[Material provided]
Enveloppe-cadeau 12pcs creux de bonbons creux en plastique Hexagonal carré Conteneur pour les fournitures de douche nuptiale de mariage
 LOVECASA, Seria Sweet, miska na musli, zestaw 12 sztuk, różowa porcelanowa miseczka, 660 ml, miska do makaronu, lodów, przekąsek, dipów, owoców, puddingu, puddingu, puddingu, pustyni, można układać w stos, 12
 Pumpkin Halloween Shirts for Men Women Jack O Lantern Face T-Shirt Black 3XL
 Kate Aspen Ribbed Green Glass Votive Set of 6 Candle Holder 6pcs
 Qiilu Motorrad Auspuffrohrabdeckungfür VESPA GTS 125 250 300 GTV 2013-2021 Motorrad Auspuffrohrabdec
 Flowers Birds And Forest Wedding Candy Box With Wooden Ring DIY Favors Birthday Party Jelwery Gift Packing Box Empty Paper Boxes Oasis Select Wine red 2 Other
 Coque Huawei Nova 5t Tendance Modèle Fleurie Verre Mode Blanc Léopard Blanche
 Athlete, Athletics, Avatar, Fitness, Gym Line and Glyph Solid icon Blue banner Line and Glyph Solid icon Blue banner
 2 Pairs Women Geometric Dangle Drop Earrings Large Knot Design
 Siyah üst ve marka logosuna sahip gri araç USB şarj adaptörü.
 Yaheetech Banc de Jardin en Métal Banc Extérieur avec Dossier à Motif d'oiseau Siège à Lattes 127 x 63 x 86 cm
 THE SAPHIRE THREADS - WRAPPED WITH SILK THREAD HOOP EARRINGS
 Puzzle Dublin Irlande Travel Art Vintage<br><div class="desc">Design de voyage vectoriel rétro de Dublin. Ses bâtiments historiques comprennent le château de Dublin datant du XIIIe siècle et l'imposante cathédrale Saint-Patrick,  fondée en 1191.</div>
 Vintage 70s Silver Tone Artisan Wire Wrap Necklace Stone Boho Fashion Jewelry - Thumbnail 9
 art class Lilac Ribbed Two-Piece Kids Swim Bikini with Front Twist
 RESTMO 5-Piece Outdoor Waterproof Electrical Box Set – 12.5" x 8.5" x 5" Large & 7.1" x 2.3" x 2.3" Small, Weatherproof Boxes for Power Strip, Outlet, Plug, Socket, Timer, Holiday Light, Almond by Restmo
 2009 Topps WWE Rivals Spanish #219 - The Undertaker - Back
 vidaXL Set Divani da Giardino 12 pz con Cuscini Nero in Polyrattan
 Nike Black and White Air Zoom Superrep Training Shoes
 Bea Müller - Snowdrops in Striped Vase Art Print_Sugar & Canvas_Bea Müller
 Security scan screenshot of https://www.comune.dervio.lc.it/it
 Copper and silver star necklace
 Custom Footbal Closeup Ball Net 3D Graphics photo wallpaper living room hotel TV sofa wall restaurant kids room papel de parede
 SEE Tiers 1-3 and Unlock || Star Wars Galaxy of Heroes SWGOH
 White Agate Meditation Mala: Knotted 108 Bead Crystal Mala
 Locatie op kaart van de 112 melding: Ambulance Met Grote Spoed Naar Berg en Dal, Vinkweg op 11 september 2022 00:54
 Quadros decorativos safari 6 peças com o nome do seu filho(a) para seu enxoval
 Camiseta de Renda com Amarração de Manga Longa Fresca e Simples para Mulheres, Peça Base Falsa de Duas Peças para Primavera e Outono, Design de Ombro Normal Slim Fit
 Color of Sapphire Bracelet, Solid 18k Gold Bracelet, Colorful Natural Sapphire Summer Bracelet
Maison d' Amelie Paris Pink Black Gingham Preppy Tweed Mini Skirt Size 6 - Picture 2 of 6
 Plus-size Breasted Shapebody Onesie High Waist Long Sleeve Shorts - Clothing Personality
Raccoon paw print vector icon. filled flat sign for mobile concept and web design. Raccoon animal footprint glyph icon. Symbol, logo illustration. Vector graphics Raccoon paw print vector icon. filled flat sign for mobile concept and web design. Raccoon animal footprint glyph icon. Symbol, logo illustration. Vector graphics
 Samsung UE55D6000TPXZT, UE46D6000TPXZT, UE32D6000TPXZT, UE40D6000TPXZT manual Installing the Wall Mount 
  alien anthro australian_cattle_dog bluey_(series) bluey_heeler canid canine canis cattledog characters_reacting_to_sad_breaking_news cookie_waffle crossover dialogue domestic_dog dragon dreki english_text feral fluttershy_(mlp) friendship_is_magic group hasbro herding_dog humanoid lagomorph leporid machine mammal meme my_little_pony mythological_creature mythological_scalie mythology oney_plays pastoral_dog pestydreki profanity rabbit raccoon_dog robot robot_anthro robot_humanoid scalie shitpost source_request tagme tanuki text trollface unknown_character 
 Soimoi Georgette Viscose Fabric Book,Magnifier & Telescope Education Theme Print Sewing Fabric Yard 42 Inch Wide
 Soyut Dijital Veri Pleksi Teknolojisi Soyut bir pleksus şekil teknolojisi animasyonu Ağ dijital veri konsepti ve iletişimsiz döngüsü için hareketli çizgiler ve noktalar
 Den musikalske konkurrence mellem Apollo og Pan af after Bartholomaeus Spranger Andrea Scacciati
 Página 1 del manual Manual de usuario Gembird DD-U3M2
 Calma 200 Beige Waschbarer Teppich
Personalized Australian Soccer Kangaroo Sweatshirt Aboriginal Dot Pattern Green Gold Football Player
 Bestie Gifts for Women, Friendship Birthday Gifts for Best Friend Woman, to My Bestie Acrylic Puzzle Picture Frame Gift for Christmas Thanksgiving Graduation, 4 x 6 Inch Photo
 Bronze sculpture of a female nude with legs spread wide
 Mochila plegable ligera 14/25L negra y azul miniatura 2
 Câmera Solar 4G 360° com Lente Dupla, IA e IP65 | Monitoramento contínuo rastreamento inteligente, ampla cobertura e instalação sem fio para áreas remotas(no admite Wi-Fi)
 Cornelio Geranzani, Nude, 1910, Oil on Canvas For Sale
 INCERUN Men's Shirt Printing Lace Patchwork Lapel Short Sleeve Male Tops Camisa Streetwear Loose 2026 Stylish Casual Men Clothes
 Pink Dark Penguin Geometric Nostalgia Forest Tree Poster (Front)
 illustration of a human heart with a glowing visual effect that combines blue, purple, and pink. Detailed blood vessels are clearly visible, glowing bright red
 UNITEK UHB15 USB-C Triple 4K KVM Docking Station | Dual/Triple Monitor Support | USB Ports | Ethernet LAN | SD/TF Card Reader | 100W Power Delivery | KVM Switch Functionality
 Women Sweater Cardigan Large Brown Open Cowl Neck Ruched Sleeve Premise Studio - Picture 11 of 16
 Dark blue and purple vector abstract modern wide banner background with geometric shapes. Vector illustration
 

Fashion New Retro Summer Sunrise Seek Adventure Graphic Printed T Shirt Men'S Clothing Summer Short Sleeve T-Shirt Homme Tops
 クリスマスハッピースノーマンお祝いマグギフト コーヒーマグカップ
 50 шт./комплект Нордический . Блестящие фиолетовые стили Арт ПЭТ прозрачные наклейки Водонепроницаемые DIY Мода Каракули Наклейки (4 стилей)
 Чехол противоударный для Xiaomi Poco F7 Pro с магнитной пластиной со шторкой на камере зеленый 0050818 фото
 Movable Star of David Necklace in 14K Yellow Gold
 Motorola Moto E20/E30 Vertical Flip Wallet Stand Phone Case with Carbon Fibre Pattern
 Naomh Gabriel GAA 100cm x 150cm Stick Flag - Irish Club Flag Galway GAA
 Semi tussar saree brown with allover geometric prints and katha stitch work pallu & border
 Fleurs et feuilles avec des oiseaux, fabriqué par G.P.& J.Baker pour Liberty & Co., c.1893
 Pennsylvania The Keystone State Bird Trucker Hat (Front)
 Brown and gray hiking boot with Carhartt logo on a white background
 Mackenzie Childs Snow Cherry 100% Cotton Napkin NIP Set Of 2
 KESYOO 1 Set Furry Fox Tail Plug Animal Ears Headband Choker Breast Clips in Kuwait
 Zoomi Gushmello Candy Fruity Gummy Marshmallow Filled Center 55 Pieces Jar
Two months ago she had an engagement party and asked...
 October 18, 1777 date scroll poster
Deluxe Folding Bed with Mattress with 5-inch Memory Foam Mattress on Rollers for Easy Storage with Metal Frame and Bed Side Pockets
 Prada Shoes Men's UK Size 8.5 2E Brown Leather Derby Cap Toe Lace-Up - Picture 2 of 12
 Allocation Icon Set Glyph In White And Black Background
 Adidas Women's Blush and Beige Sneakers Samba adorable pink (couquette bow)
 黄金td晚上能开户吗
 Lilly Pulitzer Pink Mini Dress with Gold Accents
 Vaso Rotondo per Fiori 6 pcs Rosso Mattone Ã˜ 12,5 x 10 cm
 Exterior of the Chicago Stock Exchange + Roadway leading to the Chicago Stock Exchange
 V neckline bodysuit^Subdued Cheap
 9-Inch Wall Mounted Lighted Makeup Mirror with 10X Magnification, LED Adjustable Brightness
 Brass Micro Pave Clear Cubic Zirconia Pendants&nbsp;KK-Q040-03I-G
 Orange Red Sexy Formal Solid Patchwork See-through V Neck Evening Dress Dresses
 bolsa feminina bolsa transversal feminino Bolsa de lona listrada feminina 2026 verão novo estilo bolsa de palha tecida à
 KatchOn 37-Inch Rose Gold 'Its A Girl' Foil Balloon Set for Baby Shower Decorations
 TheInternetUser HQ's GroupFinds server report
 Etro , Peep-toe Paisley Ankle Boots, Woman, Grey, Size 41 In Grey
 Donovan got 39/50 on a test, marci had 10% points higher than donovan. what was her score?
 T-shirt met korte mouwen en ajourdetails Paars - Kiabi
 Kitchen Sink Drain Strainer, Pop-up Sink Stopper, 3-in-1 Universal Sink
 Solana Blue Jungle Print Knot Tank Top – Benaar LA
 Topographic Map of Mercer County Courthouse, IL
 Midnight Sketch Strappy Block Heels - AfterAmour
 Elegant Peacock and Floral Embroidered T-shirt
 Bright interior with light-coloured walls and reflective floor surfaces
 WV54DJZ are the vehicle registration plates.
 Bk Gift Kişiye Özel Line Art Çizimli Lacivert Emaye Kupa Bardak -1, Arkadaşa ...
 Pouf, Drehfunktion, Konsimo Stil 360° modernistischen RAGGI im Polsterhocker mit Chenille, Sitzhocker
[/Material provided]
[Problem]
In the entries above, one line contains "LOVECASA, Seria Sweet, miska" and another contains "Siyah üst ve". Reproduce exactly those two lines and the lines between them, nothing else.

[Output of the exercise]
 LOVECASA, Seria Sweet, miska na musli, zestaw 12 sztuk, różowa porcelanowa miseczka, 660 ml, miska do makaronu, lodów, przekąsek, dipów, owoców, puddingu, puddingu, puddingu, pustyni, można układać w stos, 12
 Pumpkin Halloween Shirts for Men Women Jack O Lantern Face T-Shirt Black 3XL
 Kate Aspen Ribbed Green Glass Votive Set of 6 Candle Holder 6pcs
 Qiilu Motorrad Auspuffrohrabdeckungfür VESPA GTS 125 250 300 GTV 2013-2021 Motorrad Auspuffrohrabdec
 Flowers Birds And Forest Wedding Candy Box With Wooden Ring DIY Favors Birthday Party Jelwery Gift Packing Box Empty Paper Boxes Oasis Select Wine red 2 Other
 Coque Huawei Nova 5t Tendance Modèle Fleurie Verre Mode Blanc Léopard Blanche
 Athlete, Athletics, Avatar, Fitness, Gym Line and Glyph Solid icon Blue banner Line and Glyph Solid icon Blue banner
 2 Pairs Women Geometric Dangle Drop Earrings Large Knot Design
 Siyah üst ve marka logosuna sahip gri araç USB şarj adaptörü.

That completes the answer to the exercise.